一燈を提げて暗夜を行く。暗夜を憂うこと勿れ。只だ一燈を頼め。
(手元に一つの提灯をさげて暗い夜道を行くならば、闇夜を心配することはない。
ただその一つの提灯を頼りにして前進すればいいのだ。)
<出典:「言志四録 佐藤一斎」渡邉五郎三郎監修 致知出版社>
人生を賭けて、ただ一つのことに邁進することができれば、
それ以上の幸せは無いのかもしれません。
死の床で、後悔無しと感じられる人生は、あれもこれもに気を散らして形にできないままではなく、たとえ小さい事柄でも一つのことに取り組み、深掘りし、自分なりの、なにがしかの真理を得ることではないでしょうか。
以前にも書きましたが、死ぬ間際の最後の1分のために、数十年の人生を何か一つに賭けねば、そうはならないでしょう。
論語では、死に瀕した孔子が、「朝に道を聞かば夕べに死すとも可なり」と述べています。
(朝、人としての道、真理を聞くことができたのなら、その日の夕方に死んでも悔いは残らない。)
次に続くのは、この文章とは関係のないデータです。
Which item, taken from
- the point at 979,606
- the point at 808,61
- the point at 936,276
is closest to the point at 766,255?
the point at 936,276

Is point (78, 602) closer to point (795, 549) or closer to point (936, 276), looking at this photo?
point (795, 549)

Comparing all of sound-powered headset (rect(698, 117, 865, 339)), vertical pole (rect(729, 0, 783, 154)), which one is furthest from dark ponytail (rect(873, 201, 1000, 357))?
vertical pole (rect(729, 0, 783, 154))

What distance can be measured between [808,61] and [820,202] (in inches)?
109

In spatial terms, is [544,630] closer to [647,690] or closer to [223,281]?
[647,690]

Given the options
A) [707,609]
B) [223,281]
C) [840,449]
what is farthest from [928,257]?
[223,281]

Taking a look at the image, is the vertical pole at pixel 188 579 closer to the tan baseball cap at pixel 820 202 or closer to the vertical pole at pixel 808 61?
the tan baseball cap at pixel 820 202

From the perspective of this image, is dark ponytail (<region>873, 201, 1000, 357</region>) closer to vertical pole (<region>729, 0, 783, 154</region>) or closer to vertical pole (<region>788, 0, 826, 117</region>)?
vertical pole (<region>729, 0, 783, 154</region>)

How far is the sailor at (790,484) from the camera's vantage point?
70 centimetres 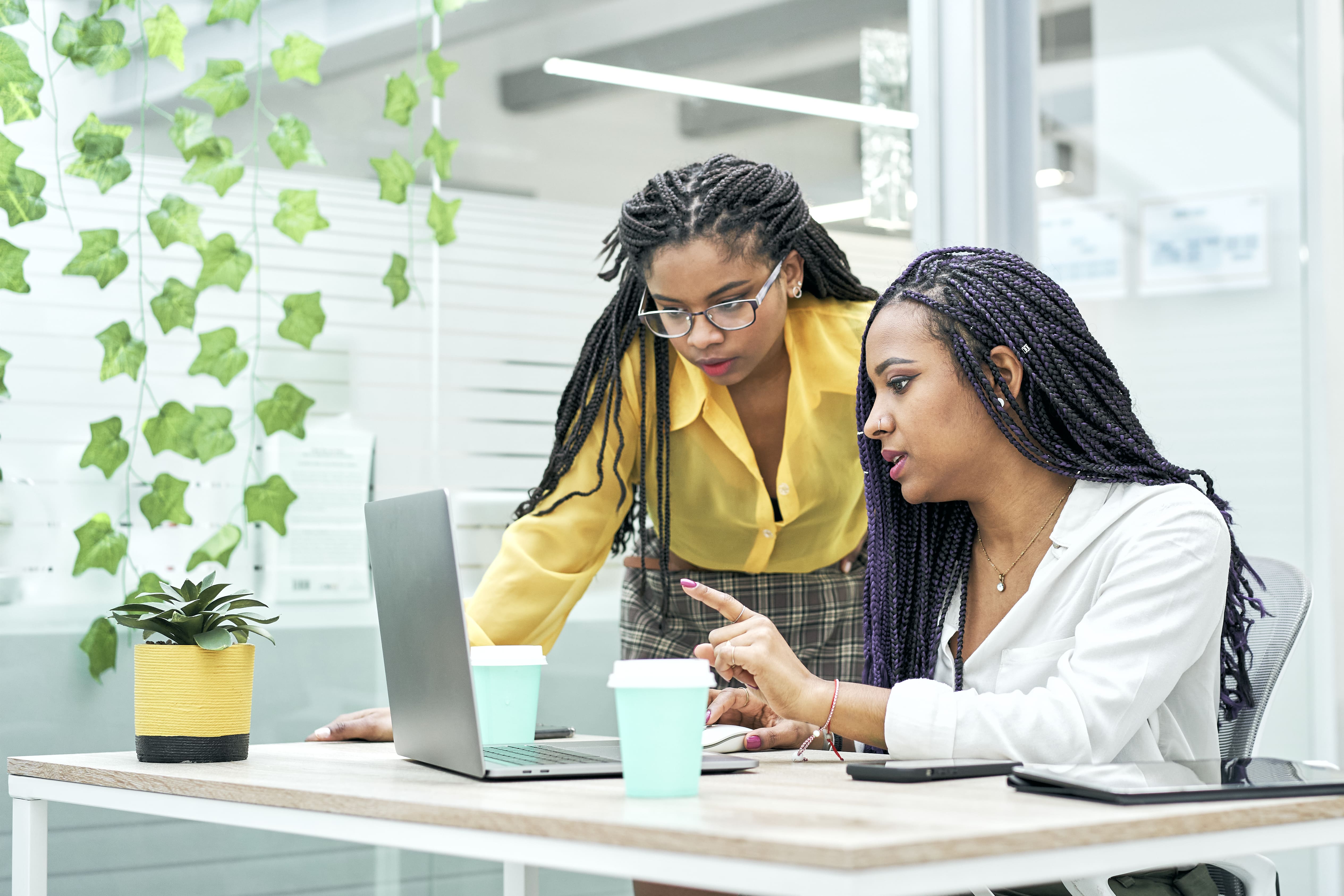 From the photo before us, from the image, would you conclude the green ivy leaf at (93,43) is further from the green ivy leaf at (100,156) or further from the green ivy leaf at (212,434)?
the green ivy leaf at (212,434)

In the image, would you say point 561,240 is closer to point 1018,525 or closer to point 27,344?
point 27,344

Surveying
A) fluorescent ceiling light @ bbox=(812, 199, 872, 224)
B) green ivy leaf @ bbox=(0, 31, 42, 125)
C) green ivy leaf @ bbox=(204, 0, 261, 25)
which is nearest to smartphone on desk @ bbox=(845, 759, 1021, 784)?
green ivy leaf @ bbox=(0, 31, 42, 125)

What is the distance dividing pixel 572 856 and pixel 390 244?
1.99 meters

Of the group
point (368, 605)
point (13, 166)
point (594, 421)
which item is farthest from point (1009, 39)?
point (13, 166)

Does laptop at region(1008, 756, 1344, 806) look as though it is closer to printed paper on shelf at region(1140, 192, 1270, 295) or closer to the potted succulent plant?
the potted succulent plant

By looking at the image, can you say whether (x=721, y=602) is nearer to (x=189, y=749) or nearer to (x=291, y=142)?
(x=189, y=749)

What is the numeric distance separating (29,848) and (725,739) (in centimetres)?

2020年初春からの世界は、まさに闇夜です。失意、絶望の中でも生きていかねばなりません。
こんなときに重要なのは、周囲に惑わされない自律的思考です。他の人がやっているから私もやるというような他人基準の考え方では、自分の信念が融解し、一層不安感が増すことになります。
自分が培ってきた、一つの提灯を頼りに前進すること、それはまさに自らの信念であり、生きる目的です。信念や人生の目的、今こそ改めて考えたいものです。今は、そういうことを考える時間を与えられたと認識し、この禍を未来の種火にしなくてはなりません。
興味と関心の幅が広いのは悪いことではないでしょうが、ある時期からは余分なものを排除していくことが必要です。
前進する速度をあげて、その勢いでムダなものを削ぎ落とし、自分の使命と確信できる唯一に注力すること。
「一燈照隅 万燈照国」 (最澄)
一人一人が、自身の灯で、一隅をしっかりと照らすのなら、
その灯は万燈となり、国全体を明るく照らすことになるのです。